Your task is to transcribe all of the data below exactly, omitting the images.
INFORMATION PROVIDED: Begin
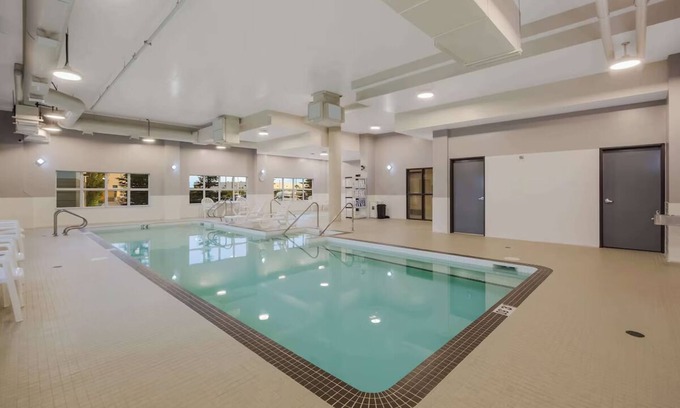Calgary Hotel | Relax and Unwind in Affordable Room with Swimming Pool and Free Shuttle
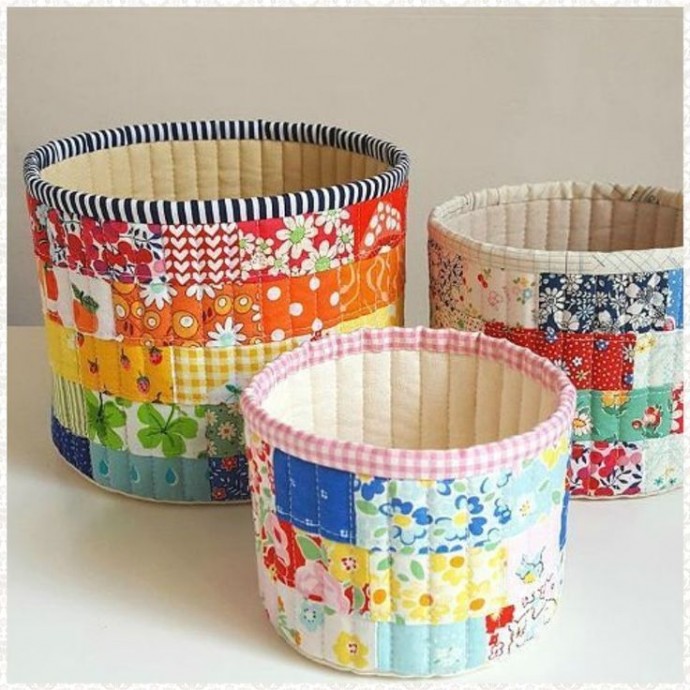 Полосатая косметичка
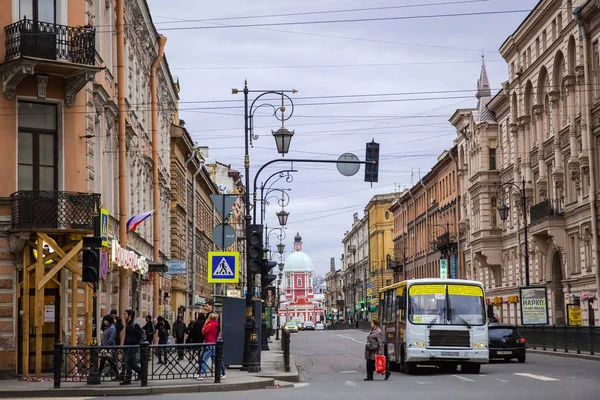 San Petersburgo 2015 Nevskiy Prospekt Paseo San Petersburgo — Foto de Stock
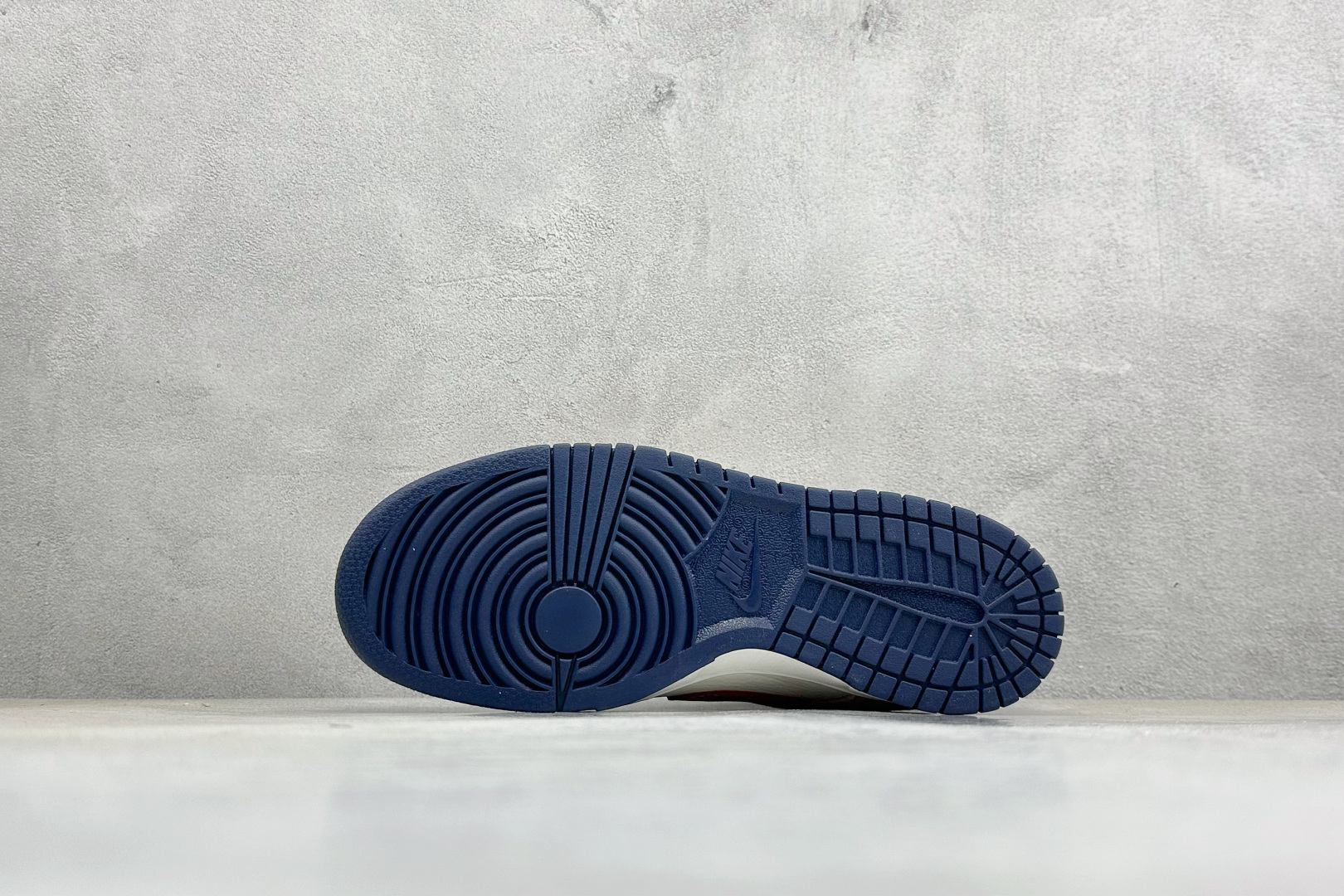 280 Nike Dunk Low 联名款 白红粉 复古休闲板鞋 XZ5899-112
INFORMATION PROVIDED: End
**TASK RESPONSE**
Calgary Hotel | Relax and Unwind in Affordable Room with Swimming Pool and Free Shuttle
 Полосатая косметичка
 San Petersburgo 2015 Nevskiy Prospekt Paseo San Petersburgo — Foto de Stock
 280 Nike Dunk Low 联名款 白红粉 复古休闲板鞋 XZ5899-112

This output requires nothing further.